Yesterday I talked weight, exercise, motivation and what’s been working for me for a while now. My goal is no longer the number on the scale, in fact I very rarely weigh myself. (I stopped bothering when the numbers held their place but my clothing was fitting better and even getting loose. And let’s not forget: muscle mass is denser and heavier than fat. ‘Nough said.) It’s keeping up this lifestyle of exercise and moderate eating for the rest of my life, one workout at a time. The second I decide I’ve “arrived”, I may as well toss my sneakers, weights and music. That’s the moment all I’ve done so far is doomed.

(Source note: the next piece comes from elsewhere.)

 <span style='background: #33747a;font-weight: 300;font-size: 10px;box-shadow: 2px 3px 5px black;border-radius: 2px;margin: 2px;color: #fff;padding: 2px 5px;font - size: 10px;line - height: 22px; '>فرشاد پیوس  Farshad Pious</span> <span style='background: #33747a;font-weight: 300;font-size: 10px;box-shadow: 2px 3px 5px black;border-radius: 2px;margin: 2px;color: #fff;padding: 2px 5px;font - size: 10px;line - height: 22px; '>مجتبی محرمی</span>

My other big change came in my attitude toward eating. (Mindshift, remember?) Let me state for the record I’d do pretty much anything to be one of those people who can eat whatever s/he wants. (And I’ll even come clean and state that cravings took over the other night and I packed away a lot more sesame sticks than I should have while watching my nasal girl.) I’ve found that by cutting out a lot of white flour—I can live w/o bread (but not cake :)) and cutting back on starchy foods in general, I seem to have happened on a balance. And since I’d rather eat kettle chips every day, I keep a bag in the car and stick to a lunch of salad and half a sandwich, a smaller portion of something left over from the previous night’s dinner, etc. and eat those chips mid-afternoon. (I also break them into little pieces so that I can reach into the bag more often.)
I divide meals. Two years ago, I’d start the day with PBJ on two slices. By making it open-faced, I’d get two pieces out of one slice of bread for breakfast. If I’m still hungry a couple of hours later, I’d just make the second half. Adding fruit helps curb the appetite, as does milk or some other source of protein. Eggs rock. And my absolute best trick of all? Whenever possible, BRUSH YOUR TEETH AS SOON AS YOU CAN ONCE YOU’RE DONE EATING. (Keep a toothbrush and toothpaste in your purse.) That changes the taste in your mouth and signals the brain in a most definite manner that food is done for now.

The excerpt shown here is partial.